1
votes

I am working on AWS SageMaker notebook example and when I play "Inference Pipeline with Scikit-learn and Linear Learner", I have an issue when it comes to fit the SKLearn model.

The code in the example is :

from sagemaker.sklearn.estimator import SKLearn

script_path = 'sklearn_abalone_featurizer.py'

sklearn_preprocessor = SKLearn(
    entry_point=script_path,
    role=role,
    train_instance_type="ml.c4.xlarge",
    sagemaker_session=sagemaker_session)

sklearn_preprocessor.fit({'train': train_input})

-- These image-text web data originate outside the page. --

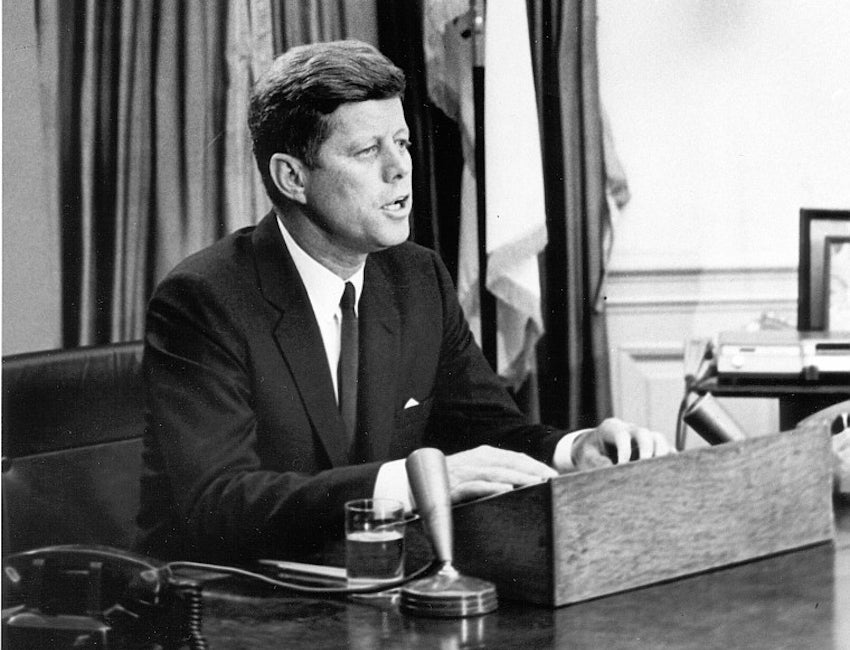 John F. Kennedy Memorabilia: The Most Valuable Items Ever Sold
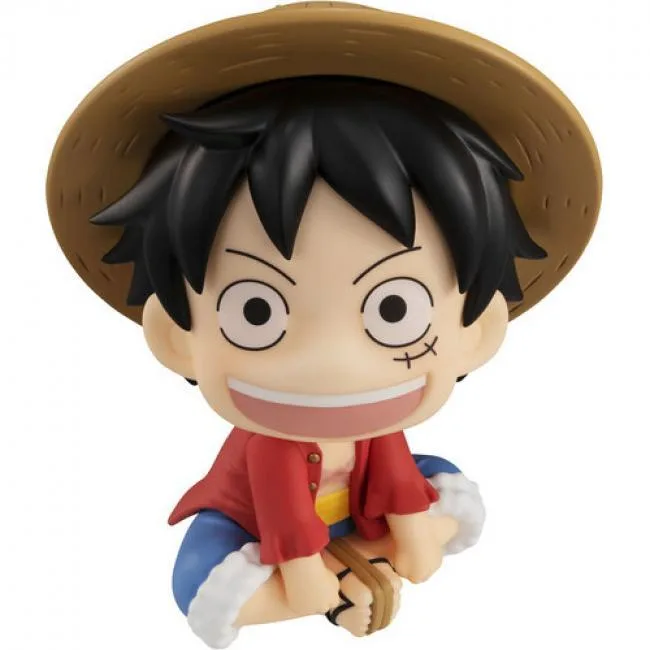 Megahouse Megahouse MGH84001 One Piece Monkey D. Luffy Lookup action figure — product photo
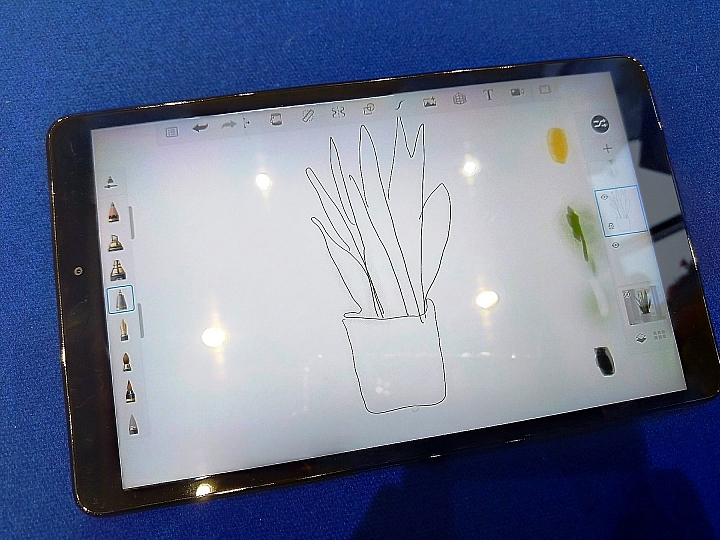 <<輕鬆FUN畫>> Samsung Galaxy Tab A 8.0”(2019) with S Pen 體驗心得分享<<筆較厲害>>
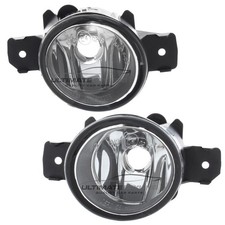 Fog Lights Renault Clio Mk2 2001-2009 Front Spot Lamps Drivers & Passenger Pair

When I run this, I get an error :

ClientError: An error occurred (AccessDenied) when calling the CreateBucket operation: Access Denied

So I changed the sklearn_preprocessor to :

sklearn_preprocessor = SKLearn(
    output_path='s3://{}/{}/model'.format(s3_bucket, prefix),
    entry_point=script_path,
    role=role,
    train_instance_type="ml.c4.xlarge",
    sagemaker_session=sagemaker_session)

Where s3_bucket is the name of my bucket and prefix is the path into it.

But still, SKLearn wants to create a bucket even if it already exists. When I fit a AWS' model using the same output_path, it works fine. Is there a way to solve this problem without changing the authorization policy ?

EDIT : I edited the role of my notebook instance and the training could run but it did create a bucket "INFO:sagemaker:Created S3 bucket: sagemaker-eu-west-1-************" in which it saved the model artifact. How can I force it to save the artifact in a given bucket.

1

1 Answers

0
votes

The estimator should only creates the buckets when output_path is not specified:

https://github.com/aws/sagemaker-python-sdk/blob/ab1f7587bf1c35a54549cc676c273dea356301e4/src/sagemaker/estimator.py#L199

I am not able to reproduce this either. I started a hosted Notebook instance on AWS SageMaker copied over the sample notebook did the same modification:

   from sagemaker.sklearn.estimator import SKLearn

    script_path = 'sklearn_abalone_featurizer.py'

    sklearn_preprocessor = SKLearn(
        entry_point=script_path,
        output_path='s3://<my_bucket>/',
        role=role,
        train_instance_type="ml.c4.xlarge",
        sagemaker_session=sagemaker_session)

The training job runs and finishes without creating any additional bucket. I was able to find the trained model in my existing bucket.

Sometimes it's hard to track what code is actually running in a Jupyter Notebook, Did you rerun the cell that creates the SKLearn object after modifying it?